Ify mengangguk pasrah, entah mantra apa yang si jangkung itu gunakan hingga setiap kali dia meminta sesuatu, Ify tidak kuasa untuk menolak, menyanggah apalagi mendebat permintaannya.
"Pinteeeeeer deh, kesayangan aku,"
"Kamu niiih!" Ify menunduk, menyembunyikan wajahnya dibalik telapak tangan, pipinya terasa panas, "Eh, a... g... gue bawain buah kupas nih, k... e... Lo mau cobain nggak?" tawarnya terbata, susah payah dia menahan tangannya untuk tidak bergetar, setidaknya tidak sebegitu kelihatan lah, tapi dia tidak yakin usahanya berhasil.
"Boleh deh," Rio mengangguk, memiringkan badan menghadap Ify yang sudah membuka kotak makanannya, tanpa kalimat pengantar yang panjang gadis itu mengayunkan tangan, menusuk buah di dalam kotak menggunakan garpu kecil yang tersedia lalu mendekatkannya, menyuapinya sambil bercanda, menikmati waktu yang ada bersama obrolan ringan, bercanda, bercerita, tertawa bersama seakan tidak pernah terjadi apa-apa dalam pertemanan keduanya.
Sementara tanpa sadar, beberapa langkah dari sana sepasang mata tampak terjaga di balik pintu ruang yang tertutup rapat, berdiri di dekat jendela transparan yang mana lubang itu membuatnya bisa melihat dan mendengar dengan jelas tawa renyah gadisnya didalam sana.
Sungguh, wajah bahagia itu seakan menusuk perasaannya, membuatnya terpaksa menahan nafas, menegarkan hati melihat kenyataan yang selama ini dielaknya dengan sangat.
"Lo mau masuk, De?"
Debo memutar tubuh begitu namanya dipanggil, Gabriel bersandar di belakangnya, ada Cakka yang sibuk dengan beberapa kantong sedan yang diyakini isinya adalah makanan, Dia menggeleng sejenak, "Ify nggak pernah ketawa selepas itu pas lagi sama gue, Yel..." dia tertawa hambar, "Gue jadi binggung, seandainya Lo jadi gue, apa yang bakal lo lakuin?" lanjutnya.
"Gue bisa ngelakuin apapun, selama dia menginginkannya dan bahagia disamping gue, tapi kalau enggak, gue bakal lepasin dia, karena buat gue kebahagiaan dia lebih penting" Gabriel tersenyum ramah, menepuk pundak Debo yang masih menunduk.
"Dan sayangnya, itu juga yang Rio lakuin pas dia tahu gue jadian sama Ify?"
Cakka menepuk pundak Debo pelan, "Udahlah, gue percaya, Lo pasti tahu yang terbaik buat Ify kalau Lo emang tulus mencintai dia"

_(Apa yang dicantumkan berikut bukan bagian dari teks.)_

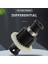 2 Adet Rc Araba Diferansiyel Montajı Sg 1603 Sg 1604 SG1603 SG1604 1/16 Rc Araba Yedek Parça Aksesuarları (Yurt Dışından) 2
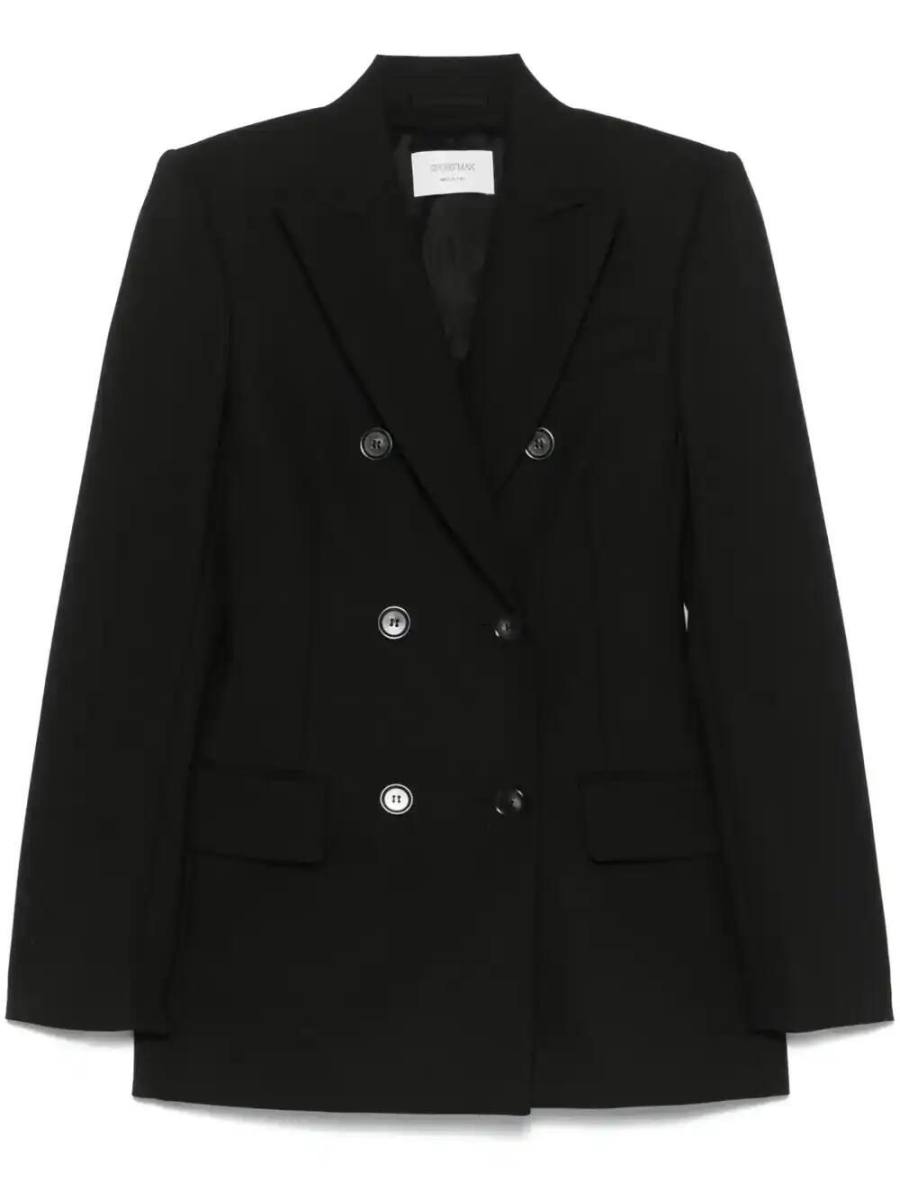 Gelly blazer
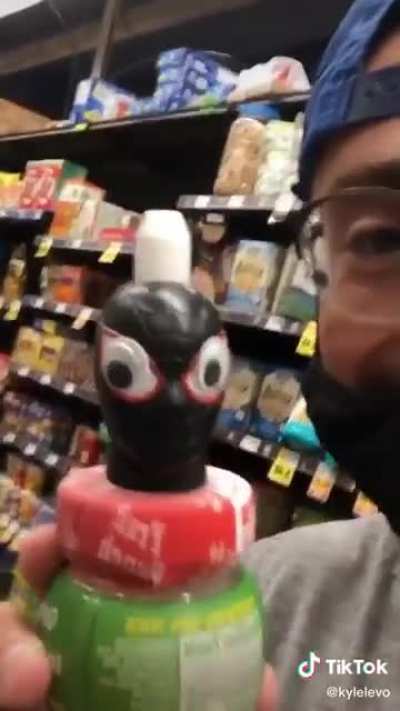 Googly Eyes...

Debo memutar tubuh menjauh dari pintu kemudian menjatuhkan diri begitu saja sebelah Cakka, di kursi panjang ruang tunggu, "Kenapa sih, Gue sama Rio terlalu aja sama dari dulu, Kka! Kenapa apa yang Rio suka juga jadi kesukaan gue" ujarnya frustasi, dia memejamkan mata, bersandar di punggung kursi yang keras. "Kenapa, lagi-lagi gue harus hancur karena Rio, bukan karena dia udah menangin hati Ify, tapi karena dia berhasil bikin gue sadar kalau persaudaraan itu jauh lebih penting..." lirihnya,
Cakka menepuk pundaknya pelan, memberi kekuatan.

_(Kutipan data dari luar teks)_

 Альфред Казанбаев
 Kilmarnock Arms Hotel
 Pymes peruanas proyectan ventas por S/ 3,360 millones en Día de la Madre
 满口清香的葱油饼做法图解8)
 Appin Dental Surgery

"Untuk kesekian kalinya, gue harus ngakuin kalau Rio selalu lebih tangguh, dia selalu disamping gue pas gue seneng, gue sedih, bahkan pas orang yang dia cintai gue rebut" lirihnya lagi
"Itu karena Dia perhatian sama Lo, dia lebih memilih kehilangan Ify daripada salah seorang saudaranya" sela Gabriel.
"Sorry, bukannya gue mihak Rio atau apa, tapi jujur gue kasihan sama kalian, kalau kayak gini terus gue takut kalian cuma bakal saling berkorban satu sama lain dan nggak akan ada ujungnya"
Debo tersenyum pasrah, "Thanks, kalau gitu gue balik ya, nitip Ify, salam aja buat Rio, besok gue kesini lagi..." pamitnya seraya berdiri kemudian mulai melangkah pergi menyusuri koridor rumah sakit.
Cakka menatap punggung Debo yang menjauh dengan helaan nafas, jelas dia mengerti apa yang Debo dan Rio rasakan saat ini, pasti sangat sulit mempertaruhkan perasaan demi persahabatan, mengorbankan hati demi kebahagiaan hati lain, menguatkan hati atas kenyataan yang bahkan mampu dirasakan dengan mata terpejam, meski demikian dia sadar sampa sebatas mana dia bisa membantu sementara selebihnya dia hanya bisa menguatkan, memberi sandaran, meneguhkan bahwa persahabatan mereka akan terasa jauh lebih kuat dari waktu ke waktu.